### What is required
Please print every record below exactly as it appears, but leave out the pictures.

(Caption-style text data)
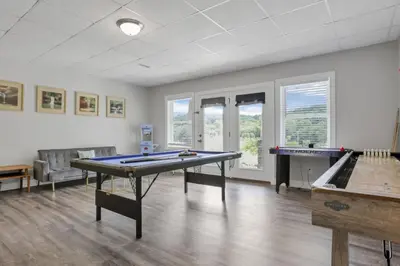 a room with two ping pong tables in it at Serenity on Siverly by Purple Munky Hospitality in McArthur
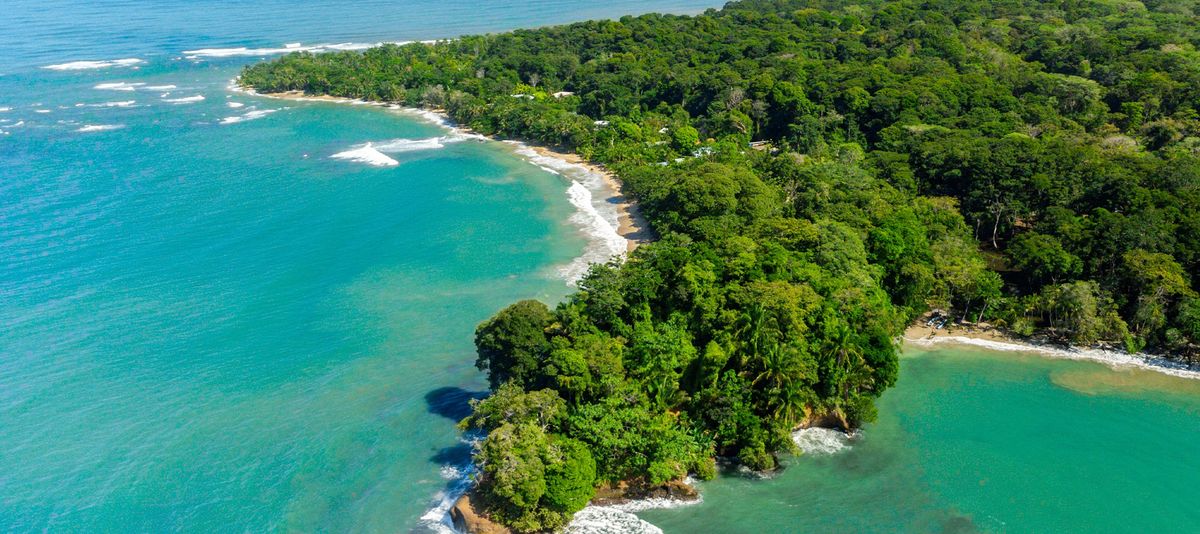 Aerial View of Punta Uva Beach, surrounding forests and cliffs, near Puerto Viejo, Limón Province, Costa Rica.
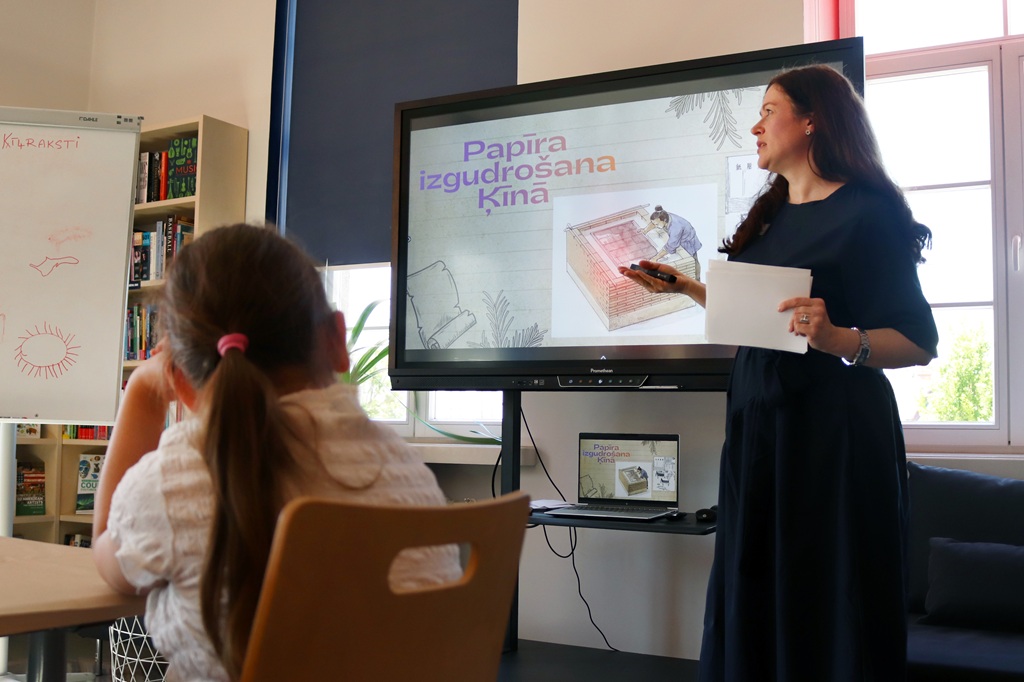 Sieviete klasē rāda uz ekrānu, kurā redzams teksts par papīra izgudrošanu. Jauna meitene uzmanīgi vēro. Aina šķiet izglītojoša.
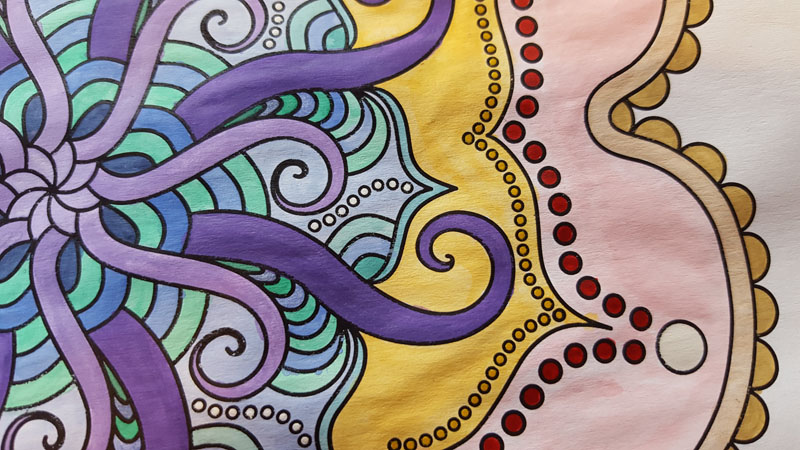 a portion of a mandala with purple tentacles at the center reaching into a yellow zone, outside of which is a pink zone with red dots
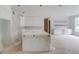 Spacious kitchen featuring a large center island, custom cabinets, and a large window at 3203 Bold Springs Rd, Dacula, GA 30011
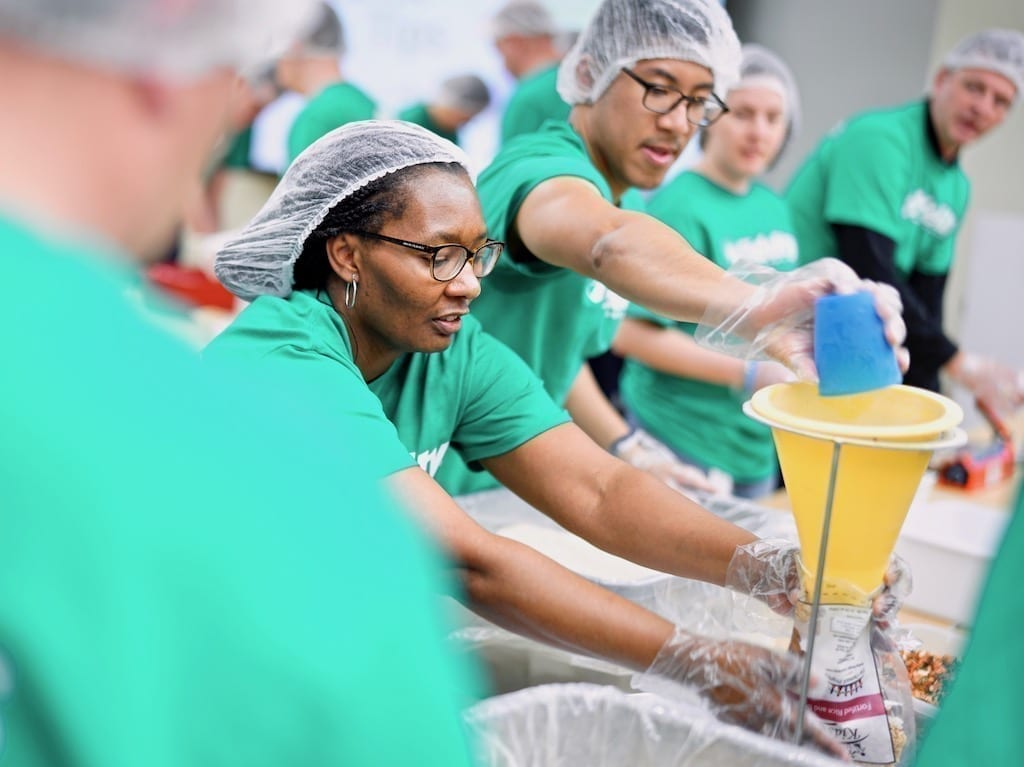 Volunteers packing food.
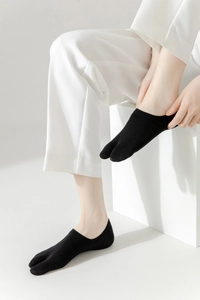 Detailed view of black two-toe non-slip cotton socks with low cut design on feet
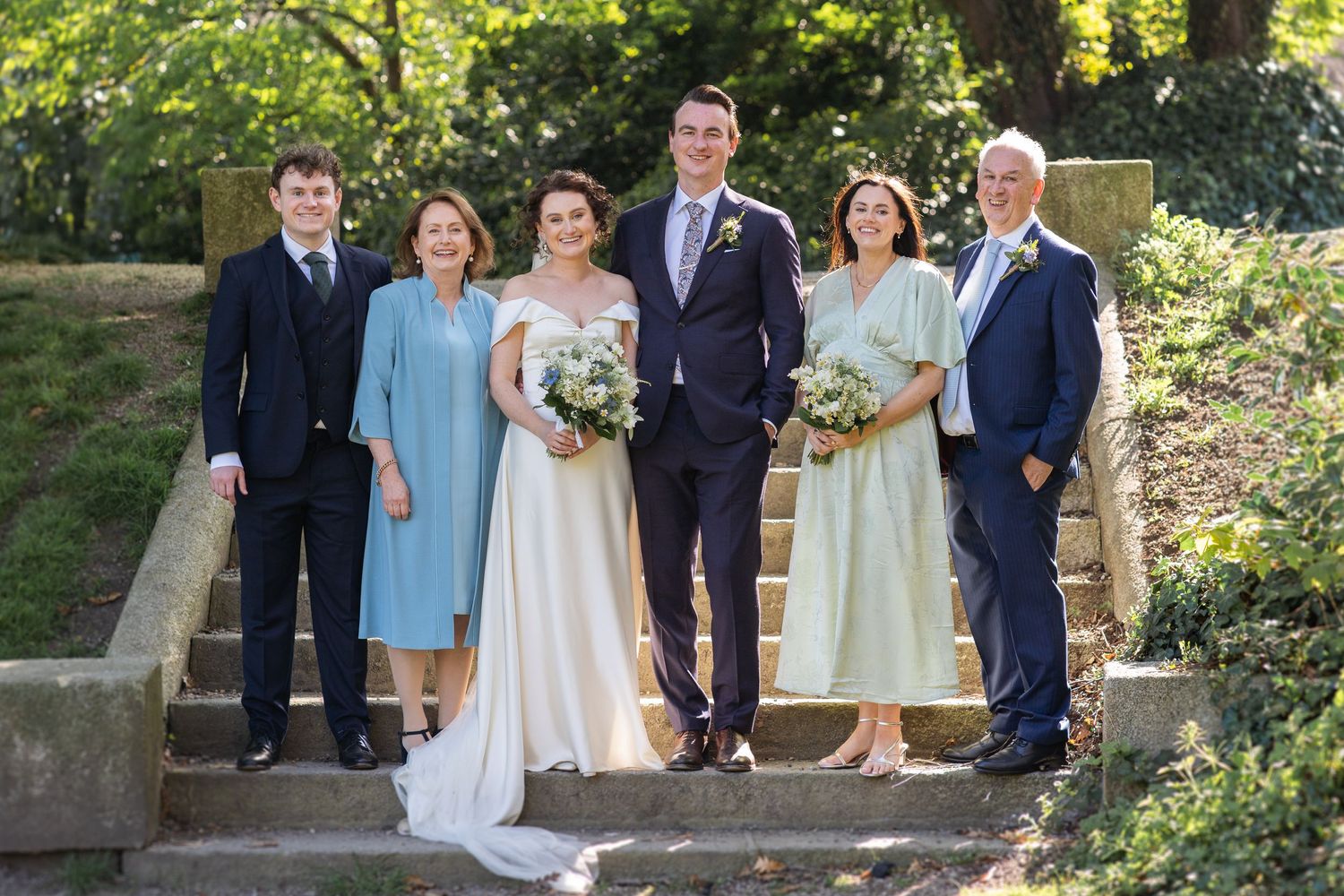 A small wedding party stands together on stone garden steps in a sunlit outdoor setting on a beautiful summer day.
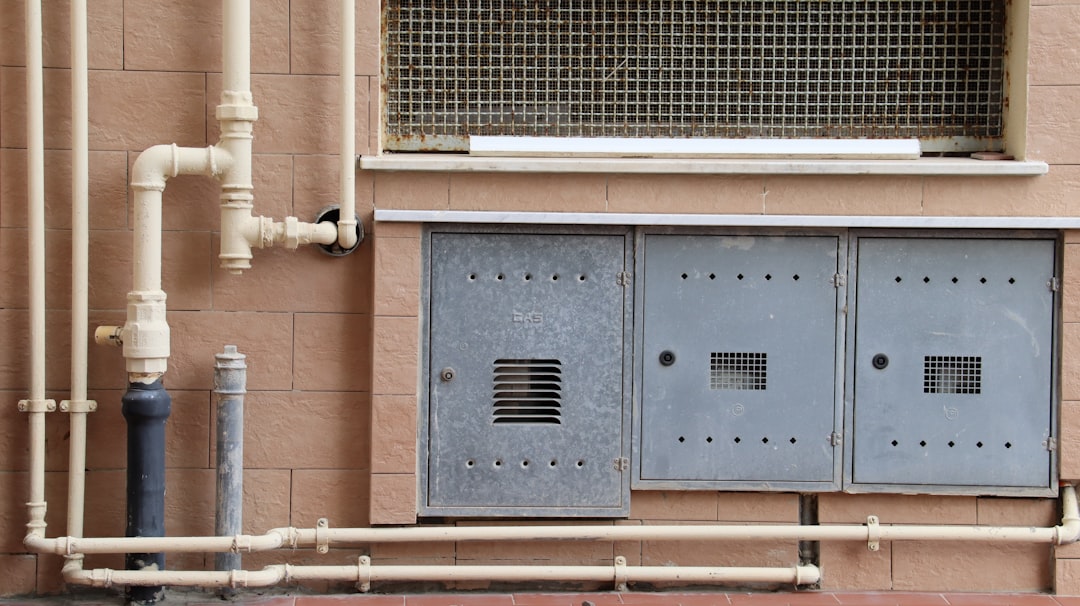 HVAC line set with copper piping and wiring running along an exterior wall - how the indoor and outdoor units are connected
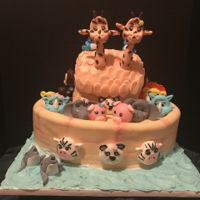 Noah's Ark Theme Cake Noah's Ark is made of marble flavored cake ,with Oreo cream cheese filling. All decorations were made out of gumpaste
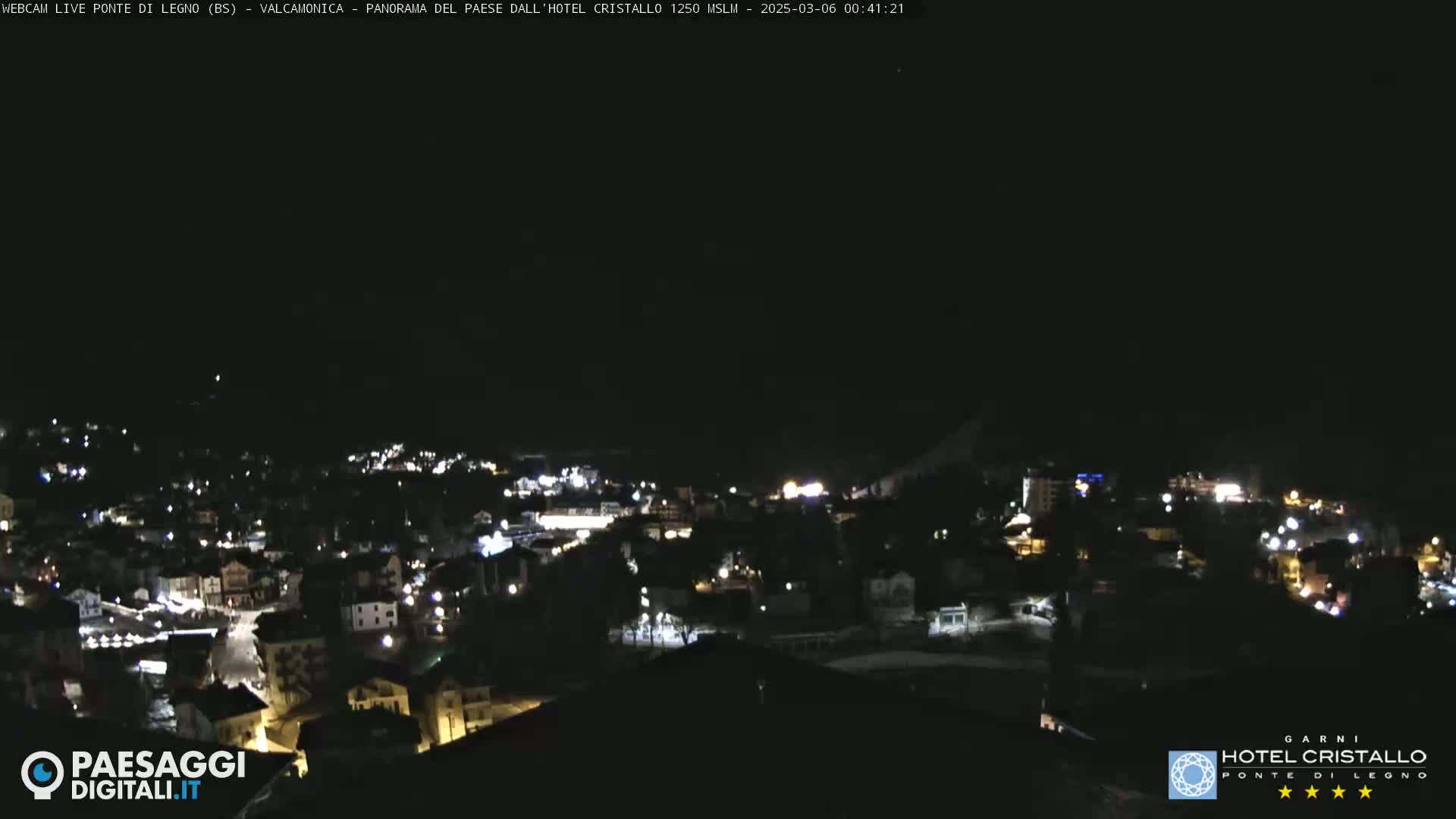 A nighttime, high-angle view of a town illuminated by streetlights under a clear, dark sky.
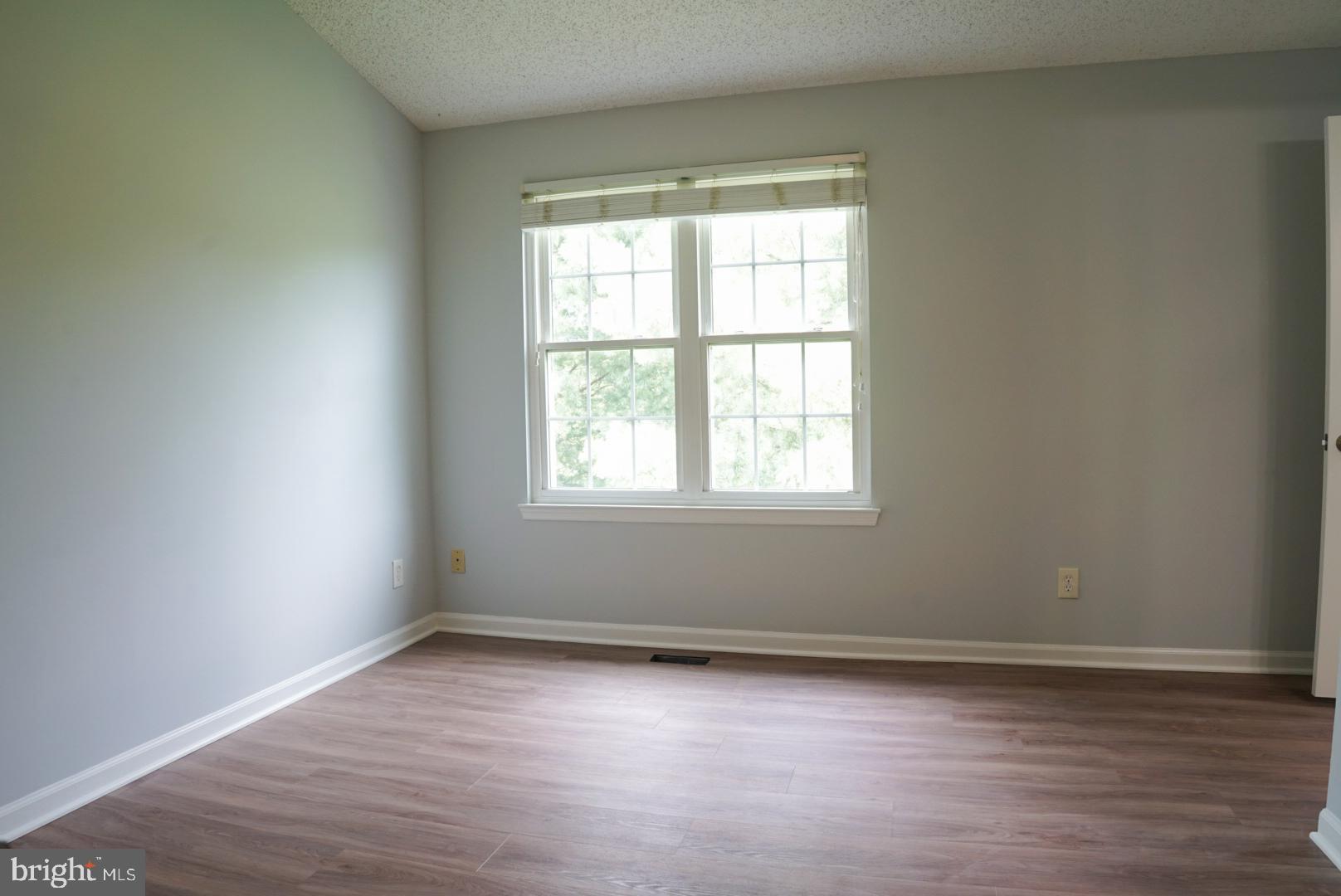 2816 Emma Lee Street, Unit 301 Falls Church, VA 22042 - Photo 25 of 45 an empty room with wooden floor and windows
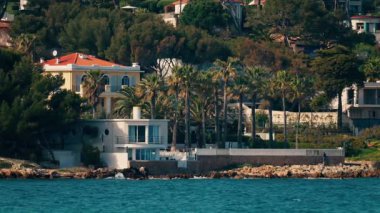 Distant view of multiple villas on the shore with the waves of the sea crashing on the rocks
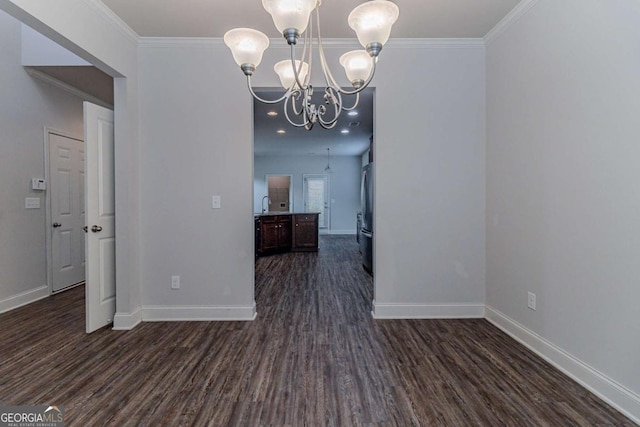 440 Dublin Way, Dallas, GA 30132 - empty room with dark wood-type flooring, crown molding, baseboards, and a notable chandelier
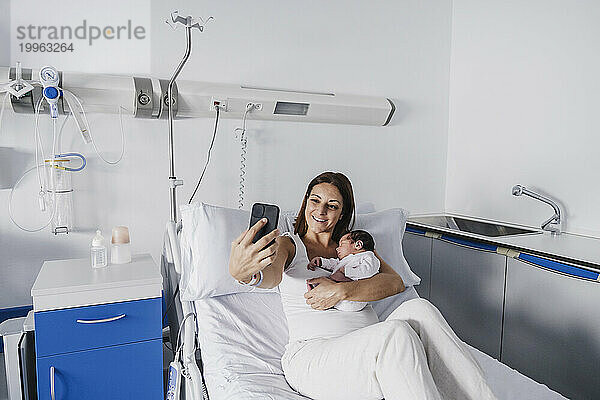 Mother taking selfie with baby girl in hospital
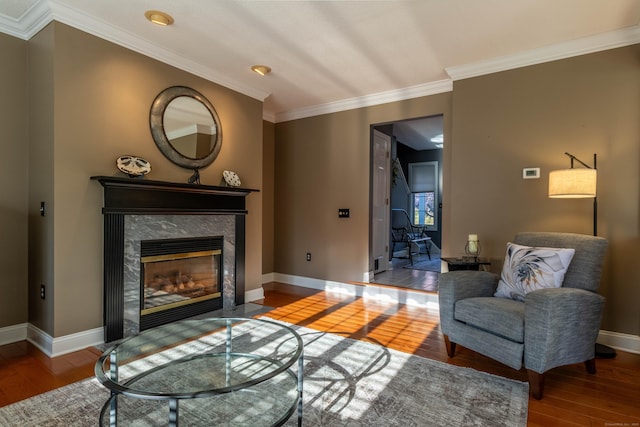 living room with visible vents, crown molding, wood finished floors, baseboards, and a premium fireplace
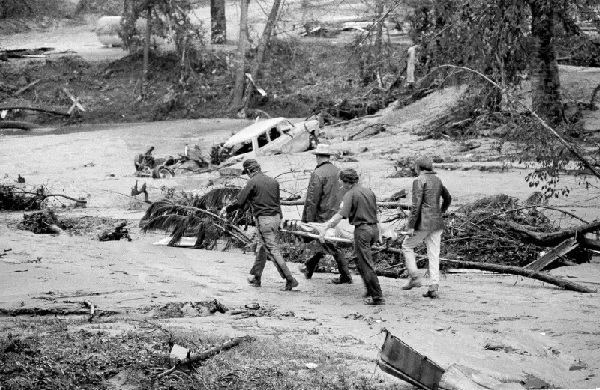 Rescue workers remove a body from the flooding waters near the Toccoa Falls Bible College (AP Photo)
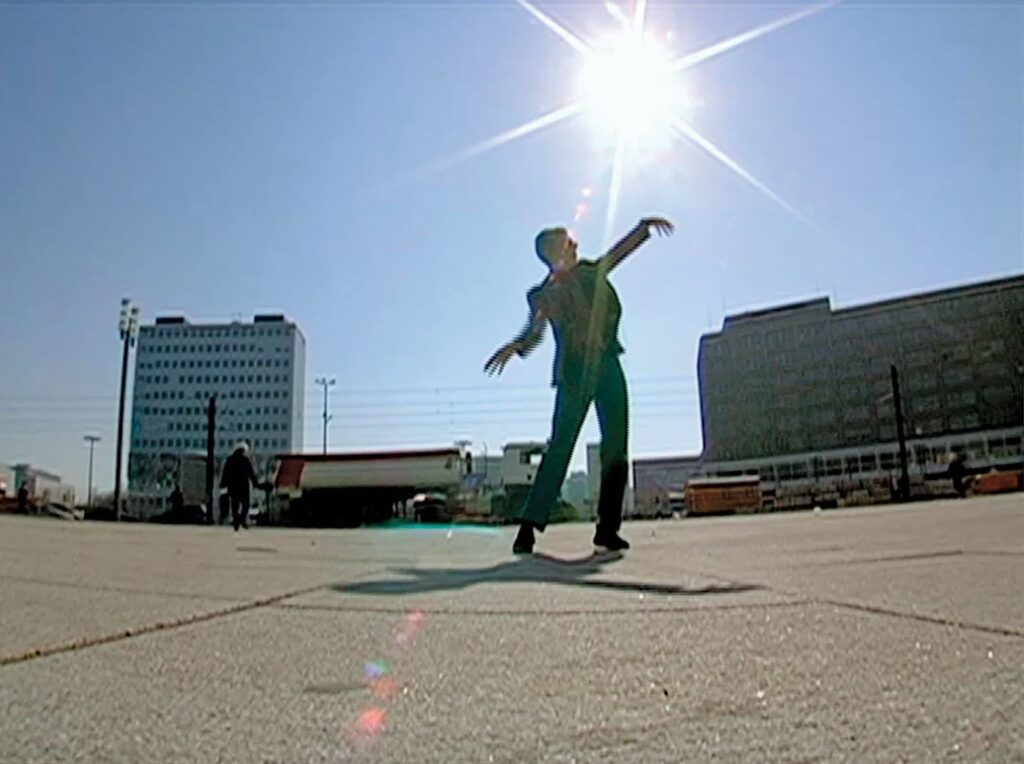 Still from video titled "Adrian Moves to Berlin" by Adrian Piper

### Result
 a room with two ping pong tables in it at Serenity on Siverly by Purple Munky Hospitality in McArthur
 Aerial View of Punta Uva Beach, surrounding forests and cliffs, near Puerto Viejo, Limón Province, Costa Rica.
 Sieviete klasē rāda uz ekrānu, kurā redzams teksts par papīra izgudrošanu. Jauna meitene uzmanīgi vēro. Aina šķiet izglītojoša.
 a portion of a mandala with purple tentacles at the center reaching into a yellow zone, outside of which is a pink zone with red dots
 Spacious kitchen featuring a large center island, custom cabinets, and a large window at 3203 Bold Springs Rd, Dacula, GA 30011
 Volunteers packing food.
 Detailed view of black two-toe non-slip cotton socks with low cut design on feet
 A small wedding party stands together on stone garden steps in a sunlit outdoor setting on a beautiful summer day.
 HVAC line set with copper piping and wiring running along an exterior wall - how the indoor and outdoor units are connected
 Noah's Ark Theme Cake Noah's Ark is made of marble flavored cake ,with Oreo cream cheese filling. All decorations were made out of gumpaste
 A nighttime, high-angle view of a town illuminated by streetlights under a clear, dark sky.
 2816 Emma Lee Street, Unit 301 Falls Church, VA 22042 - Photo 25 of 45 an empty room with wooden floor and windows
 Distant view of multiple villas on the shore with the waves of the sea crashing on the rocks
 440 Dublin Way, Dallas, GA 30132 - empty room with dark wood-type flooring, crown molding, baseboards, and a notable chandelier
 Mother taking selfie with baby girl in hospital
 living room with visible vents, crown molding, wood finished floors, baseboards, and a premium fireplace
 Rescue workers remove a body from the flooding waters near the Toccoa Falls Bible College (AP Photo)
 Still from video titled "Adrian Moves to Berlin" by Adrian Piper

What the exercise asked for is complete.